The most excellent cup of coffee I recently sipped (yesterday, in fact) was roasted locally and hand-delivered to my door the same day. It had a heavy, caramelly sweetness, and it was roasted by a local business that hires ex-offenders as part of a vision to prevent recidivism among former offenders. This helps to build stronger families and communities among a group of people regularly forgotten or ostracized. Was this coffee fair trade or organic? Probably not (at least, the blend description did not include that information). But Second Chance Coffee Company of Wheaton, Illinois, "operates under the premise that we can use every part of our business to 'love our neighbor as ourselves' to positively impact the spiritual, social and economic condition of our employees, their families and the communities in which they live." They do roast fair trade and organic beans (and those are labeled as such). But there's another purpose to their company, and their website spells it out pretty clearly:

Over 20,000 prisoners are released from Illinois State corrections facilities into the Chicago area every year. More than 12,000 of those ex-prisoners are re-incarcerated within three years of release. The cycle of recidivism is a ubiquitous tale of wasted lives and victimized communities that is repeated among more than 600,000 ex-prisoners in communities across our nation each year. . . . Recognizing that what we offer only addresses part of the problem, Second Chance Coffee Company also works closely with post-prison support organizations that provide the help that we cannot. These organizations share our faith and provide counseling, mentoring, life skills training and a supportive community for the former offenders that we employ.
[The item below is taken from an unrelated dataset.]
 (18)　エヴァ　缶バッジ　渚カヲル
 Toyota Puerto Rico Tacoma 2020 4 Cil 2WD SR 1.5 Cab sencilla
Second Chance Coffee Company's premium brand, I Have a Bean, is roasted locally in Wheaton, delivered locally for $1.00 (shipping to everywhere else is easily determined on the website) and has a constantly changing variety of blends to choose from. I've looked on the website three days this week, and there have been new roasts and blends to choose from each day--so there's a good variety for the restless palate to enjoy. They currently roast four days a week, and offer customers the option to pick up their orders onsite. They have several very nice gift packages as well, including several with sample sizes of their coffee.

In addition, 50 percent of the purchase price of their Uganda Kapchorwa Sebei blend (a limited-edition blend) goes to support the People's Resource Center. It's pricey ($25.00 per pound), but proceeds contribute to a great cause, in addition to fulfilling Second Chance's vision to assist ex-offenders and their families.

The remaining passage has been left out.